Si lo hace es con el fin de sacar los colores a quienes no se alinean con la ideología oficial e iniciar una campaña de acoso y derribo contra ellos. A todos nos gustaría ser más independientes, pero en nuestra sociedad del marketing y las redes quien marca la directriz no es el CEO, sino el Community Manager. Empresas, entidades públicas y culturales, influencers e intelectuales, dependen del público para subsistir. No es de extrañar que hoy sea más fácil que nunca sucumbir a las presiones. 

Pero el censor posmoderno no solo husmea las expresiones contemporáneas. Tanto sus pataletas como su actitud acusica se retrotraen hasta los albores de la cultura.
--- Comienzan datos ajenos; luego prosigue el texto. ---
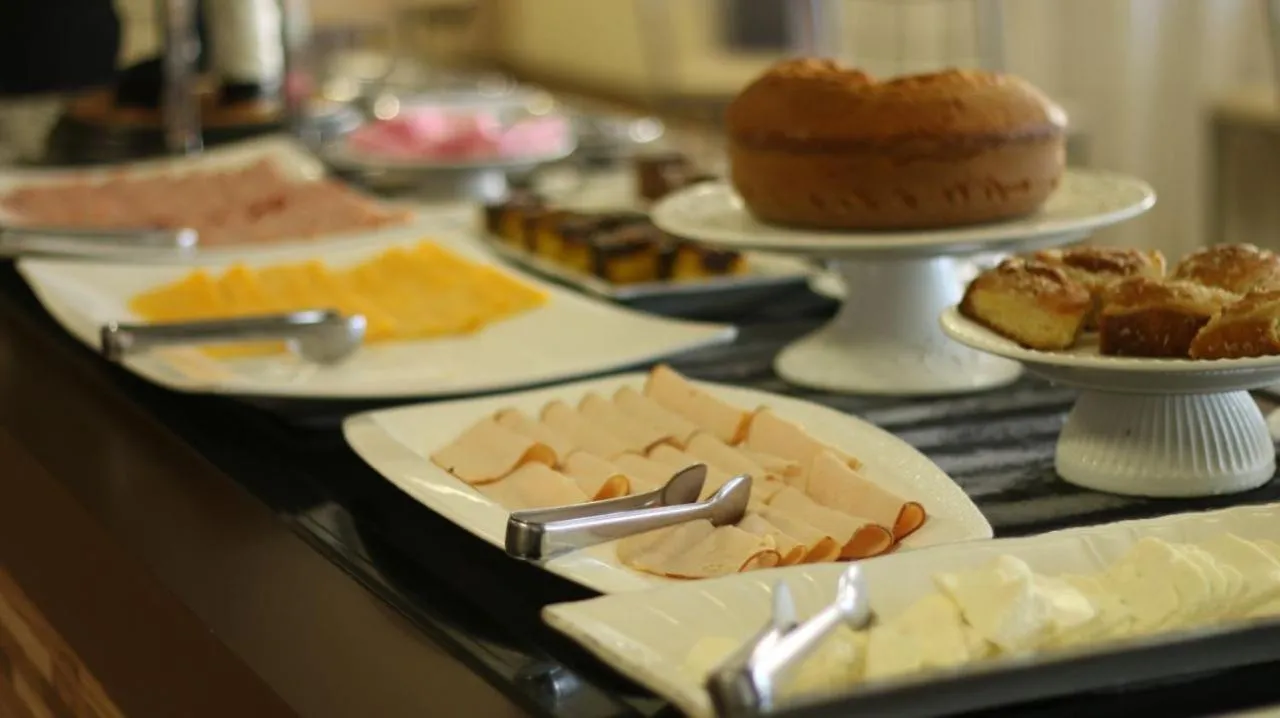 Breakfast in Bekassin Botucatu Hotéis Ltda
En Estados Unidos, los nuevos catones han lanzado una campaña en Twitter y otros medios bajo el lema #DisruptTexts para purgar con su celo reprobador obras clásicas que consideran machistas, sexistas, capacistas, etc. Es decir, que incurren en cualquier “ismo” execrable para su mirada puritana. 
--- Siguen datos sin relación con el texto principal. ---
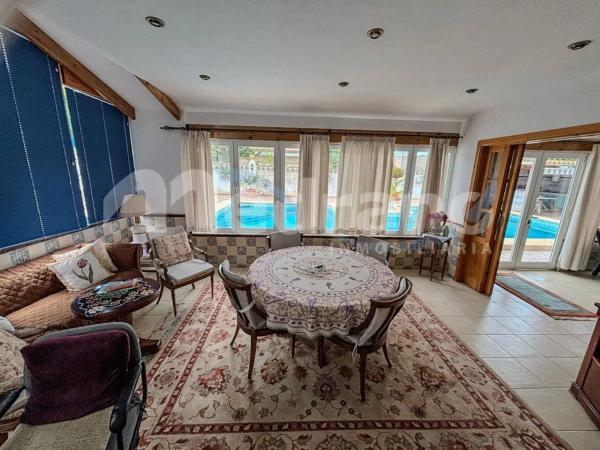 Casa independiente en Урбанисасьон Рокас Бланкас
El último en ser llevado al paredón ha sido el bueno de Homero, a pesar de no sabemos a ciencia cierta si existió. Los modernos pudibundos ni siquiera han tenido en cuenta su ceguera y ahora una escuela del vanguardista Estado de Massachusetts ha decidido volver a las cavernas eliminando de los planes de estudios la Odisea. A su juicio, solo servía para instilar en la inocente mente de los más pequeños valores pérfidos y venenosos. Algo intolerable, como pueden suponer.

Quienes dirigen la cultura de la cancelación han presentado la decisión como una victoria absoluta. Pero no deja de ser hiriente que desterremos al pobre y barbado Homero de las aulas cuando, como reconocía Platón, la Odisea y la Ilíada fueron los principales libros de texto de los griegos. La cultura helénica, que es nuestra simiente, nació al calor de aquellos cantos. 

A través de los héroes que lucharon en Troya, los griegos recibían enseñanzas imborrables sobre el valor, la tenacidad y el honor. Desde entonces no podemos pensar la amistad sin Aquiles y Patroclo. Y si nos preguntan por la encarnación de la astucia, seguramente Odiseo será el primer nombre que nos venga a los labios. Del mismo modo, la bella Penélope ha quedado para la posteridad como símbolo de persistencia y fidelidad. 

Somos hijos de Homero y, por ello, su exilio equivale a la deportación de uno de los emblemas más importantes de nuestra identidad cultural. Personalmente, no me preocupa porque confío en que el antiguo aedo resista a este embate de irracionalidad con la misma fortaleza que lo ha hecho a la historia. Pero que el mundo educativo y editorial se estén plegando a esta locura debería suscitar una profunda reflexión.

 

Y, afortunadamente, lo ha hecho en cierto modo. En los últimos meses se han publicado manifiestos esperanzadores que, precisamente, denuncian la intolerancia de la cultura de la cancelación y la necesidad de asegurar la libertad de expresión en la esfera público. Las declaraciones, como la firmada en la revista Harper’s por intelectuales no sospechosos de inclinaciones conservadoras, entre los que destacan Noam Chomsky, Anne Applebaum o Steven Pinker, lamentan que los anatemas que se están lanzando menoscaban el debate y solo sirven para alentar la intransigencia tanto en un lado como en otro del espectro político.

Pero ¿qué se puede hacer ante estas tendencias? Por un lado, lo importante es mantenerse a salvo de las presiones y no ceder ningún resquicio de espacio a la dictadura de la corrección política. Por otro, en la medida de lo posible, apoyar a quienes, ya sean instituciones o personajes públicos, se enfrentan a ella, sin renunciar nunca al civismo. Aunque, a decir verdad, tal vez no haya mejor remedio que cultivar nuestra resistencia frecuentando a aquellos clásicos cuya voz la nueva censura pretende silenciar.